WORK TO BE COMPLETED>
Any pictures in the records below must be left out when you repeat the lines from the line containing "thumbnail image 2" through the line containing "Sims 4 dx11" exactly.

[Recorded data]
= = = = = = =

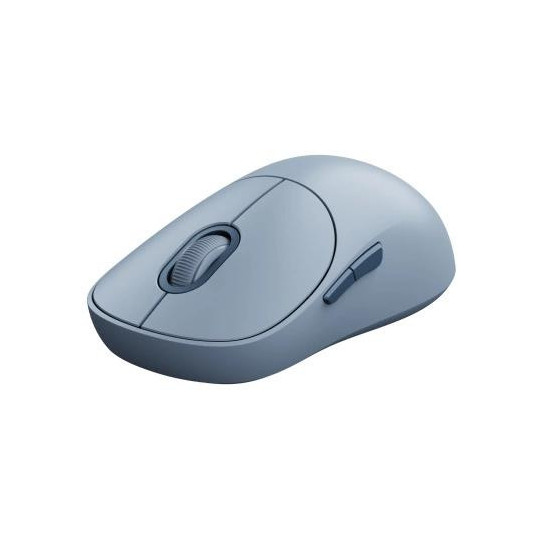 Mysz komputerowa Xiaomi Wireless Mouse 3 niebieski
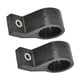 thumbnail image 2 of Speravity Soporte de bomba de combustible de goma, abrazadera de goma, absorción de impacto, duradero, 36mm, 2 uds. Vehículos, repuestos y accesorios Mis, 2 of 6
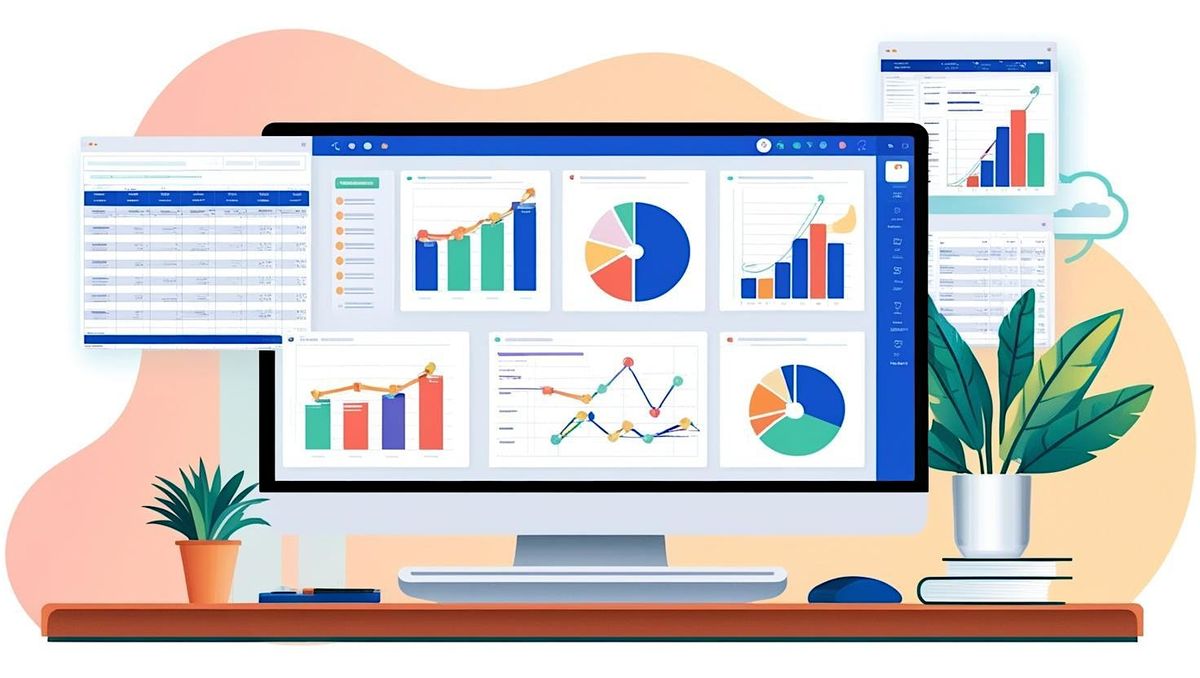 Intro to QuickBooks (Online Version) Series in Grove, 7 May | Event in Grove | AllEvents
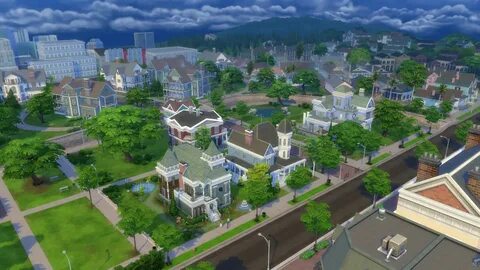 Sims 4 dx11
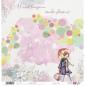 Preview: Papers For You 12x12 Paper Pad Trendy Girl #1553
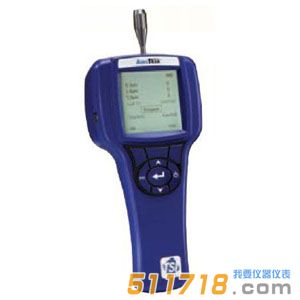 美國(guó)TSI9303 手持式塵埃粒子計(jì)數(shù)器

= = = = = = =

ANSWER TO THIS EXERCISE>
 thumbnail image 2 of Speravity Soporte de bomba de combustible de goma, abrazadera de goma, absorción de impacto, duradero, 36mm, 2 uds. Vehículos, repuestos y accesorios Mis, 2 of 6
 Intro to QuickBooks (Online Version) Series in Grove, 7 May | Event in Grove | AllEvents
 Sims 4 dx11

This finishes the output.